Immer weniger Pensionskassen weisen eine Unterdeckung auf

Immer noch finanzielle Löcher: Schweizer Pensionskassen (Symbolbild)

Immer noch finanzielle Löcher: Schweizer Pensionskassen (Symbolbild)

Die Situation der Schweizer Pensionskassen hat sich dank der Erholung an den Finanzmärkten verbessert: Der Anteil der Kassen, die eine Unterdeckung aufweisen, ging deutlich zurück. Für den Pensionskassenverband ASIP ist es für eine Entwarnung aber noch zu früh.

Die Finanzkrise und der Einbruch an den Finanzmärkten hatten grosse Löcher in die Kassen der Vorsorgeeinrichtungen gerissen - die Folge war eine Unterdeckung. Noch im Frühling hätten gemäss Zahlen des Bundesamtes für Sozialversicherungen (BSV) 57 Prozent der Kassen nicht alle Renten auf einmal auszahlen können.
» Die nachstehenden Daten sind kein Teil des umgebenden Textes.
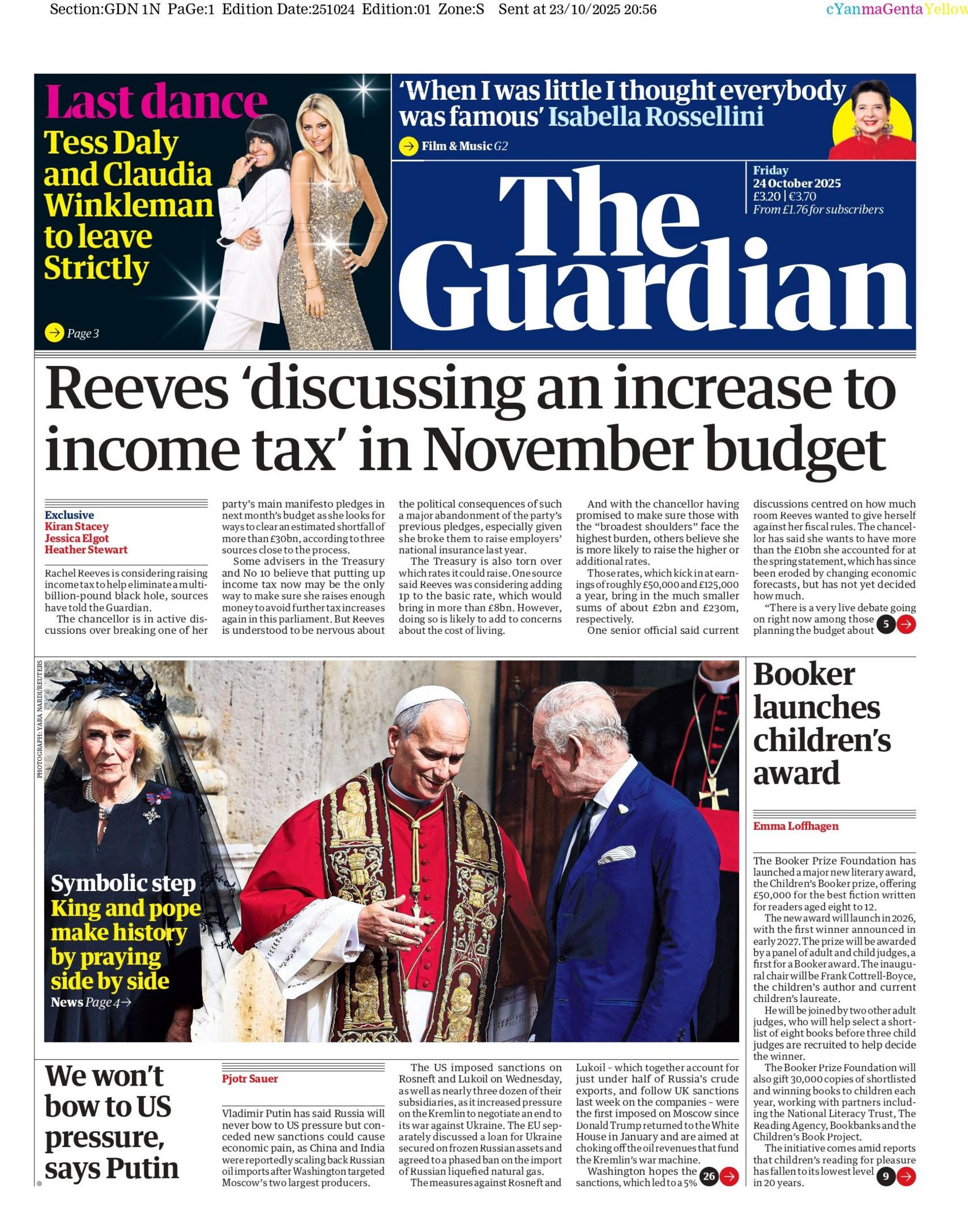 “Reeves ‘duke diskutuar një rritje të taksës mbi të ardhurat’ në buxhetin e nëntorit”, thuhet në titullin kryesor të faqes së parë të gazetës Guardian.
Seither haben sich die Börsenkurse deutlich erholt, und das wirkte sich auch auf die Pensionskassen aus. Der Schweizerische Pensionskassenverband ASIP schätzt den Anteil der Kassen mit Unterdeckung auf noch 20 Prozent.

Viele Pensionskassen hätten "von der überraschend starken und schnellen Teilerholung der Märkte" profitiert, sagte ASIP-Direktor Hanspeter Konrad Schweizer Radio DRS. So hätten viele Kassen ihre Unterdeckung "teilweise oder ganz ausgleichen" können.

Trotz dieser Reduktion der Unterdeckung bei vielen Kassen sei es zu früh, von einer generellen Entwarnung zu sprechen, sagte Konrad weiter. Die Situation sei "noch keineswegs normalisiert", viele Kassen müssten zuerst ihre Reserven wieder aufbauen. Und auch der Konkjunkturverlauf bleibe unsicher. Deshalb seien weiterhin Vorsichtsmassnahmen gefragt, betonte Konrad.